### [What to produce]
Show every line below where "Flower" can be found.

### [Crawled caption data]
BEGIN

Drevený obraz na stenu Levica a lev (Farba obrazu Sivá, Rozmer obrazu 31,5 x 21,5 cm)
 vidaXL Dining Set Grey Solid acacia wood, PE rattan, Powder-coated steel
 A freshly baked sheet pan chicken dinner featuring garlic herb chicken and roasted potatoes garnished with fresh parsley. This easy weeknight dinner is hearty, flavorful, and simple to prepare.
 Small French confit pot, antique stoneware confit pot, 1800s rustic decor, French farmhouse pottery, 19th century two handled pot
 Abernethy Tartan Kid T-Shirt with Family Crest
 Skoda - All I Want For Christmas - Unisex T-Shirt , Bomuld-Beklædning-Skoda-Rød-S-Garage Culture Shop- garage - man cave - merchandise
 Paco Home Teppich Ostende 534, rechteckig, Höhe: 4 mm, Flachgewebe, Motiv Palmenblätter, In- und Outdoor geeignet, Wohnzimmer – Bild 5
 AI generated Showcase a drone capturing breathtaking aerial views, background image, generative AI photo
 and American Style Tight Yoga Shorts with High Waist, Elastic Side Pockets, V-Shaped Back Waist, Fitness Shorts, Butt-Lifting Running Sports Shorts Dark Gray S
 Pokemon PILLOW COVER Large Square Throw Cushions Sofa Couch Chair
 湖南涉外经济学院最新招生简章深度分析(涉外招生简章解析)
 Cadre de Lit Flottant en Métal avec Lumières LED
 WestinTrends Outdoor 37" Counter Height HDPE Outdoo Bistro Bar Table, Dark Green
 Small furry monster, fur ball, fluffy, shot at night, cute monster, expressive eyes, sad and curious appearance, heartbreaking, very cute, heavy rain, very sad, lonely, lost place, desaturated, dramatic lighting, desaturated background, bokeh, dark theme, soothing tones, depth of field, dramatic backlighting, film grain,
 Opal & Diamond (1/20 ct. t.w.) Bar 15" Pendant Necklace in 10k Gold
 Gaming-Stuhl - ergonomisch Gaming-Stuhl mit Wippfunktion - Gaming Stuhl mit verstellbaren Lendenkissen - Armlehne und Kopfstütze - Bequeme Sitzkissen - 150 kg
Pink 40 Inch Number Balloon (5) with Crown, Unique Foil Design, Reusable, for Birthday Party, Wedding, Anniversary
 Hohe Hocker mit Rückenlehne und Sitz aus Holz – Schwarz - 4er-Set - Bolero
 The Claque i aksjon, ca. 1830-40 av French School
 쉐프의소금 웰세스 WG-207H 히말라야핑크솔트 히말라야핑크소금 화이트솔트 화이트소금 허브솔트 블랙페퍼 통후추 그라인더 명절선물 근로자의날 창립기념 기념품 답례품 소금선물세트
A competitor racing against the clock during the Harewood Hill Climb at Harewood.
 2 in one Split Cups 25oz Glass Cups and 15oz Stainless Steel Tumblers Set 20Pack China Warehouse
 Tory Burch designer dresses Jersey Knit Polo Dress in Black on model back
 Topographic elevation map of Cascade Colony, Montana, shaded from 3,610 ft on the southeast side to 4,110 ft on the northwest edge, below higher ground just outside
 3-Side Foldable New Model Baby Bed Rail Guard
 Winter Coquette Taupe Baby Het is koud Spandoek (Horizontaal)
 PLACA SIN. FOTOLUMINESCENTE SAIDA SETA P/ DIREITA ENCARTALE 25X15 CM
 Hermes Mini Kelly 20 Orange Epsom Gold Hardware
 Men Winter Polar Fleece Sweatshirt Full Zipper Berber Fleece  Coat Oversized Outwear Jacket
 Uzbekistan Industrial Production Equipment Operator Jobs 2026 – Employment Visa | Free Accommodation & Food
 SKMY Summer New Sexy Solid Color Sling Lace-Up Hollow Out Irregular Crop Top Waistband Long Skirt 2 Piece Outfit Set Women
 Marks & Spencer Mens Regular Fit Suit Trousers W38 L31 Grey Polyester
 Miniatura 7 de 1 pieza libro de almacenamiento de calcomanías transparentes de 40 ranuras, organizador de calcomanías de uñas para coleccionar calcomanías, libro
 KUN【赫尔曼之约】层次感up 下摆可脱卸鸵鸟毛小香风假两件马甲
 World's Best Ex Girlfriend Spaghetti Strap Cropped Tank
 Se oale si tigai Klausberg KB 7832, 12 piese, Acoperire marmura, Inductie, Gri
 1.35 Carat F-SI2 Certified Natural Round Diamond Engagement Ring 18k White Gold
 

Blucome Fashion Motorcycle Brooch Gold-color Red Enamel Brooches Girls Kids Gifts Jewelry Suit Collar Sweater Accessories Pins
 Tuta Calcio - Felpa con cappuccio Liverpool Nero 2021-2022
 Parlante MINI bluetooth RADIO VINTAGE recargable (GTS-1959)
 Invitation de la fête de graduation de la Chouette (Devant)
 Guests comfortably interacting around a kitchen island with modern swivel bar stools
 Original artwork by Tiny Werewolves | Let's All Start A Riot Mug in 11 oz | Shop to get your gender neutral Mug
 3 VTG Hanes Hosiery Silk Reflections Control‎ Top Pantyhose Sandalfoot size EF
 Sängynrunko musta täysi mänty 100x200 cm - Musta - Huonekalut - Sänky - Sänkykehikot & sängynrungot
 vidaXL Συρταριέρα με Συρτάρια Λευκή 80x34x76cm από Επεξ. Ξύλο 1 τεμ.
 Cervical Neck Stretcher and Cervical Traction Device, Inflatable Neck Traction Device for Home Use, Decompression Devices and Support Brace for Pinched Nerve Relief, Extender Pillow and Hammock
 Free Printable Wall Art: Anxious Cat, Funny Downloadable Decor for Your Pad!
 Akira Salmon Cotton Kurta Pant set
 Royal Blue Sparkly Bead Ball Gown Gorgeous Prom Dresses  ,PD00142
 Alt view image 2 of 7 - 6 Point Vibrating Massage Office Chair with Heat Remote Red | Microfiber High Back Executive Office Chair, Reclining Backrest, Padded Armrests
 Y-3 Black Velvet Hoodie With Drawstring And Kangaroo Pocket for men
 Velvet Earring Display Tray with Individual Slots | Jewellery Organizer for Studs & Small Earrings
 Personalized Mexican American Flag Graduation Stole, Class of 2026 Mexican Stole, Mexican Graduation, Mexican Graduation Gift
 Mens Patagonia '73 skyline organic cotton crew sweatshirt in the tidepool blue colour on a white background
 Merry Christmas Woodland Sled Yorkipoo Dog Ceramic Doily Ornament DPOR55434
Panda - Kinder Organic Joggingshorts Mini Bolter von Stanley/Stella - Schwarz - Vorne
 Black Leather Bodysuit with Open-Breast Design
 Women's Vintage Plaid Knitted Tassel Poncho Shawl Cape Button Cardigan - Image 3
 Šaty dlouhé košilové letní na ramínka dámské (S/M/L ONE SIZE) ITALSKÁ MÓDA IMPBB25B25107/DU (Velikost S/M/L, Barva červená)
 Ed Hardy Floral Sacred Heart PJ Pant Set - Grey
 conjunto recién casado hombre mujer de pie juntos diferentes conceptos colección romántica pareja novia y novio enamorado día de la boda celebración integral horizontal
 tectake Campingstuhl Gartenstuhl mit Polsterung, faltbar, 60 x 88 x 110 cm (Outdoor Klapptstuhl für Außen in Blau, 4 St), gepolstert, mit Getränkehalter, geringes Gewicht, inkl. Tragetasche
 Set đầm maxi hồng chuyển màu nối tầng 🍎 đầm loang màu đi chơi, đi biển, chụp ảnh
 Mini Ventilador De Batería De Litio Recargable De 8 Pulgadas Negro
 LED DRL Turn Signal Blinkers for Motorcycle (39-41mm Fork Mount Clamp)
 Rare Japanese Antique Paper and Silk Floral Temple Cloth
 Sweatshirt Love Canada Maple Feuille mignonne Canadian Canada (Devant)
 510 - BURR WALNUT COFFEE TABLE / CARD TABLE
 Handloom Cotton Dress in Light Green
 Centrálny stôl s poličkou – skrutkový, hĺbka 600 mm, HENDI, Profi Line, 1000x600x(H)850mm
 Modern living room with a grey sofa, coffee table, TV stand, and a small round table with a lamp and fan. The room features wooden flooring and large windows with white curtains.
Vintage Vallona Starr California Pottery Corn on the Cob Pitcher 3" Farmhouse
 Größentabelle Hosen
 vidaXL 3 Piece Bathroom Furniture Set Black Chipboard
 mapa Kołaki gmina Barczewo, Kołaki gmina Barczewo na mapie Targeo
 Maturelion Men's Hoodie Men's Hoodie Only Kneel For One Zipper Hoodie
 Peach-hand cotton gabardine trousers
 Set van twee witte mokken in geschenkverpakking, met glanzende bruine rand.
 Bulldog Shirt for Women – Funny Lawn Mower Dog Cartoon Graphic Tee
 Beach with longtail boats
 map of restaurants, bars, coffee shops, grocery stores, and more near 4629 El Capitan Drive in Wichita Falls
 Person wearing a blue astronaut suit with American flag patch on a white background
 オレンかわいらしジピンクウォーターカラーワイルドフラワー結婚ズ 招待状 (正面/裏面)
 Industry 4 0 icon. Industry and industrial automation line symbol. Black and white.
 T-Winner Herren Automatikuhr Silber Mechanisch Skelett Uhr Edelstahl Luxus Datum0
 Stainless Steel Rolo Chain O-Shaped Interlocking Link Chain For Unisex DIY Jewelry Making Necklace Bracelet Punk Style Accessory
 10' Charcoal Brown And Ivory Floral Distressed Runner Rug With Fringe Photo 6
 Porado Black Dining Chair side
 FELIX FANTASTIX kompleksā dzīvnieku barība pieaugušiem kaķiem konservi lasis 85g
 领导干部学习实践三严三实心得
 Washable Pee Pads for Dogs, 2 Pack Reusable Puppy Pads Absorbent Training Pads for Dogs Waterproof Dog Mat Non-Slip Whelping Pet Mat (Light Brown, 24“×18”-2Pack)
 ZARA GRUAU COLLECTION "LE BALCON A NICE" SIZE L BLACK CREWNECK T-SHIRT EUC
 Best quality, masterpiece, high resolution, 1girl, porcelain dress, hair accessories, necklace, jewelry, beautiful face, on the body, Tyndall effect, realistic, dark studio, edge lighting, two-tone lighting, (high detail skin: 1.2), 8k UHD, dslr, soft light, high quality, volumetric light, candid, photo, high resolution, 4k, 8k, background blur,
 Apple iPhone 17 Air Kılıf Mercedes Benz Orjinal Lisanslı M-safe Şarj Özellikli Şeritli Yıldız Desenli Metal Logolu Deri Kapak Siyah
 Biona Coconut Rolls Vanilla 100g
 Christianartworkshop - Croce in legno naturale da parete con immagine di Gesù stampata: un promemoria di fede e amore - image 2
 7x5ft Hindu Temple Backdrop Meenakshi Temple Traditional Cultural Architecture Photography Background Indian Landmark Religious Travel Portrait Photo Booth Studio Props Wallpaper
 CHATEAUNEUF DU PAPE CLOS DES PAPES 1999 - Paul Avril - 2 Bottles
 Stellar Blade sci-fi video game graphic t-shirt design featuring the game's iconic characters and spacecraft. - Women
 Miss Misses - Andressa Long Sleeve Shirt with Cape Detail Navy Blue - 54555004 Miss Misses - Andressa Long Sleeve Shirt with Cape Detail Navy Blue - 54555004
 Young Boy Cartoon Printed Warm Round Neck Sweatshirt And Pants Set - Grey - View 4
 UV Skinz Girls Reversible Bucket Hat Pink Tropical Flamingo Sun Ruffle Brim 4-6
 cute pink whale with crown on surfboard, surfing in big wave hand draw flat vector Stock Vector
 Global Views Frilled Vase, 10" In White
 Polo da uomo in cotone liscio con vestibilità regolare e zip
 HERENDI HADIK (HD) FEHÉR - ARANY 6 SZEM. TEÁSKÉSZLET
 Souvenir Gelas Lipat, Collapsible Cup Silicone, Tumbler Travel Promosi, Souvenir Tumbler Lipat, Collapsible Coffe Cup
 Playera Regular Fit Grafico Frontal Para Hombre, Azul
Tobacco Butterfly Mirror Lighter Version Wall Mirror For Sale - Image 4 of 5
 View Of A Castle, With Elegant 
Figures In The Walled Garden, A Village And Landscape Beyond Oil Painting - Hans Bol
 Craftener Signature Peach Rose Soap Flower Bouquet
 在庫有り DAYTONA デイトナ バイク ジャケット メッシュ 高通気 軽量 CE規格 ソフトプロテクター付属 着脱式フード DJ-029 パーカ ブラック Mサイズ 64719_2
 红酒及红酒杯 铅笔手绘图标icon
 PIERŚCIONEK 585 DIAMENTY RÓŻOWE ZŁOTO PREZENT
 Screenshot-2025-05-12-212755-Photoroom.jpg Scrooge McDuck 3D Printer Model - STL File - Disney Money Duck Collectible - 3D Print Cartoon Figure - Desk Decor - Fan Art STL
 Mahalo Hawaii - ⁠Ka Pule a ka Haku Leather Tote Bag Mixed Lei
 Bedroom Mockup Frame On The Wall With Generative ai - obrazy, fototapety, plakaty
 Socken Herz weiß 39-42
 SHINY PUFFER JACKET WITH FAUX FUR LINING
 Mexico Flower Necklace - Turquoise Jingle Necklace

END

### [Response to this task]
 Craftener Signature Peach Rose Soap Flower Bouquet
 Mexico Flower Necklace - Turquoise Jingle Necklace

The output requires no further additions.